Le sponde emiliane del Po avevano rivelato dei relitti di imbarcazioni già durante la siccità del 2006: nei pressi di quella che viene chiamata Isola degli Internati, nel territorio di Gualtieri, in provincia di Reggio Emilia, sono oggi tornate alla luce altre imbarcazioni. Oltre alle tre navi abbattute durante la Seconda Guerra Mondiale emerse anni fa, sono tornati a farsi vedere da qualche mese anche i resti di due bettoline, imbarcazioni molto più piccole che conobbero la stessa tragica fine.
Poco oltre, sempre in provincia di Reggio Emilia, a Guastalla, il Po ha restituito buona parte di quello che resta del burchio “Ferrante Gonzaga”: la grande imbarcazione era stata usata come studio dall’artista Giovanni Migliori per diversi anni, per poi essere distrutta a causa di una piena nel 2000.

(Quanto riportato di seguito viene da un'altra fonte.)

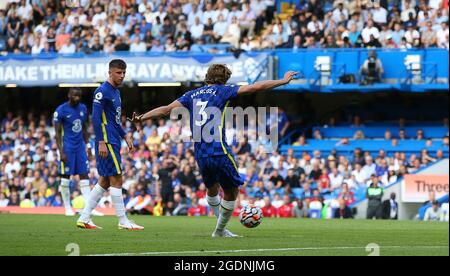 London, UK, 14th August 2021. Marcos Alonso of Chelsea scores the first goal during the Premier League match at Stamford Bridge, London. Picture credit should read: Paul Terry / Sportimage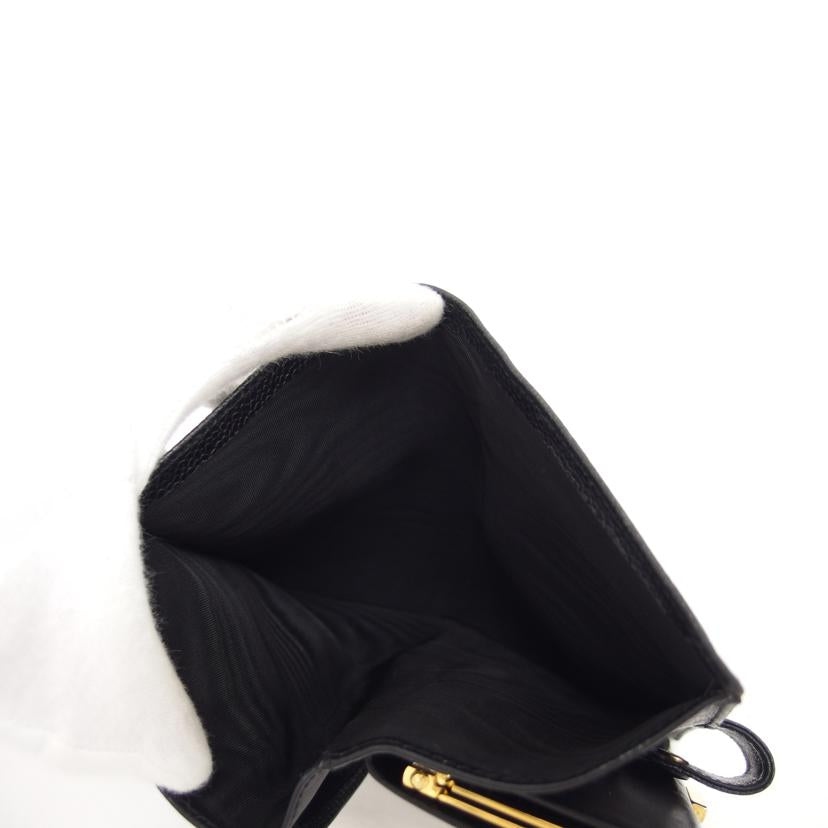 CHANEL シャネル/ココマーク／キャビアスキン二つ折りガマ口財布／ブラック//410****/Bランク/04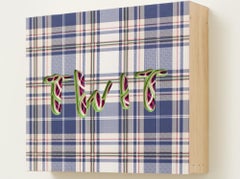 "TWIT" Bold Text Wall-Hanging Sculpture with Plaid Background Layered Paper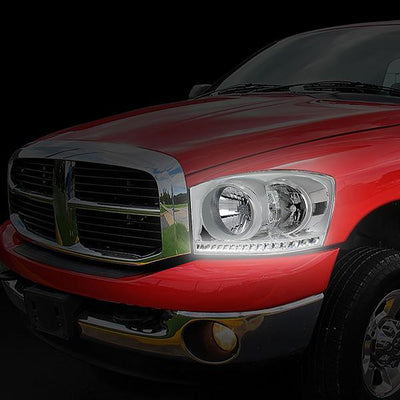 06-09 Ram Truck LED DRL Headlights - Chrome Housing - Clear Lens - Clear Corner - Pair - HL-LED-RM06-CH-CL1 - 9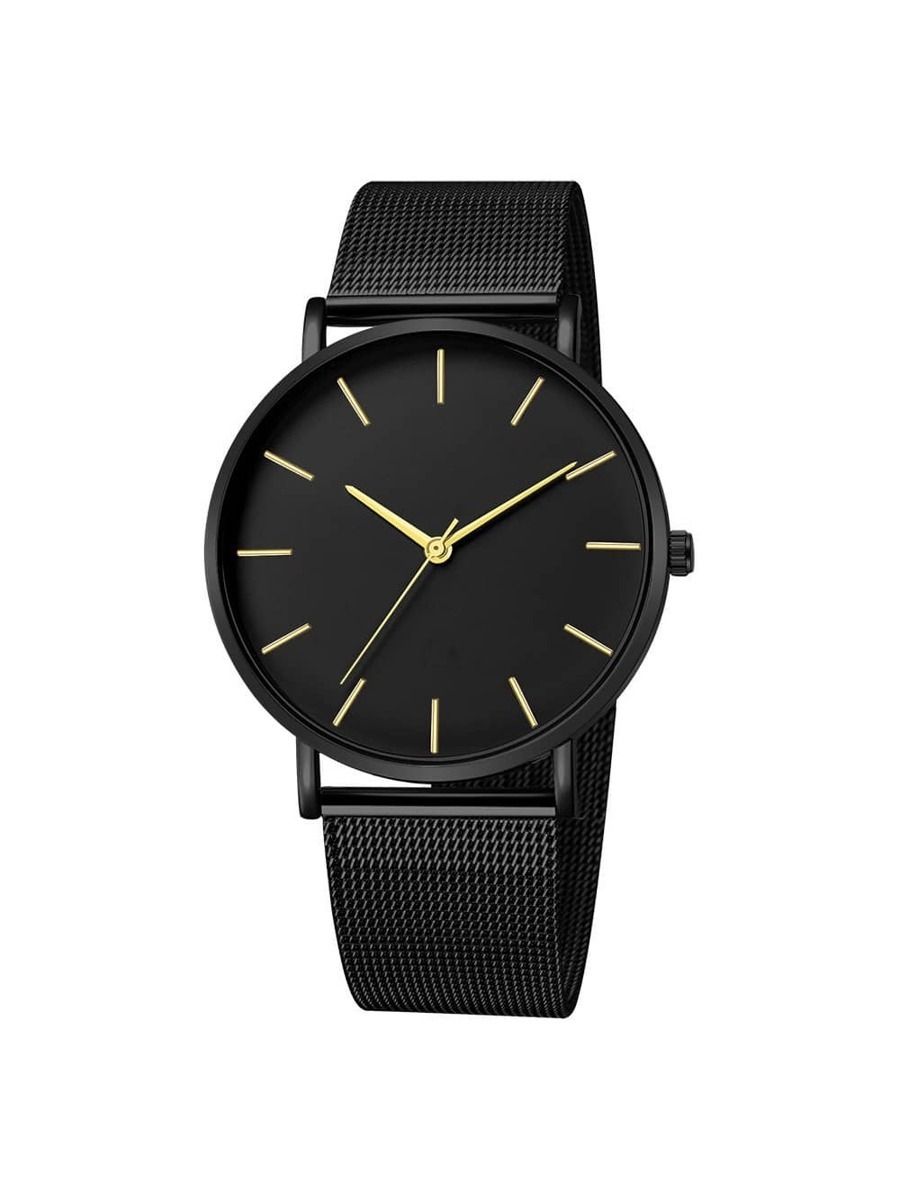 腕時計 レディース クォーツ 高級感のあるメタルストラップ レディースウォッチ、ブラック&ゴールド ラージダイアル クオーツ レデ拍卖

Resti archeologici nei fiumi italiani
I letti dei fiumi italiani in secca stanno mostrando anche oggetti molto più antichi: non soltanto relitti della Seconda Guerra Mondiale, ma anche resti di enormi animali preistorici e testimonianze che risalgono all’Età del Bronzo.
Sull’Oglio, tra i comuni di Canneto e Calvatone, a cavallo tra le province di Mantova e Cremona, la secca del fiume ha rivelato i resti di un antico sito di palafitte.
Non è la prima testimonianza del genere lungo il corso dell’Oglio: alla fine dell’Ottocento le acque del fiume in ritirata avevano permesso importanti ritrovamenti, tra cui quelli dei resti palafitticoli ai Lagazzi, oggi parte del sistema dei siti palafitticoli preistorici dell’arco alpino, riconosciuto dal 2011 come patrimonio dell’umanità Unesco.
Molto più recente la scoperta che ha interessato il corso dell’Adige, il secondo fiume italiano: a Bonavigo, nei pressi di Verona, sono emerse in seguito al ritrarsi delle acque le mura del Castello Morando, costruito all’epoca della dominazione scaligera, cioè tra il 1262 e il 1387.
La scoperta è di particolare importanza in quanto le mura, che avevano scopo difensivo ma servivano anche a proteggere l’abitato dalle piene dell’Adige, si credevano perdute per sempre: non erano infatti mai state individuate, tanto che si ipotizzava potessero trovarsi altrove, a maggiore distanza dal corso del fiume.
Tra i reperti archeologici restituiti alla luce dai fiumi italiani in secca non può mancare il tesoro “rivelato” dal Tevere: vicino al ponte Vittorio Emanuele II, visibili dal lungotevere Vaticano, sono tornati visibili i resti del ponte Trionfale, o Neroniano, fatto edificare dall’imperatore Nerone nel I secolo e probabilmente caduto in disuso già all’epoca della costruzione delle mura aureliane, appena un secolo dopo.
I resti dei piloni del ponte Neroniano sono visibili quando il Tevere è in secca, e la loro esistenza è ben documentata: non una scoperta, quindi, ma certo un’interessante voce da aggiungere alla lista dei segreti della città Eterna.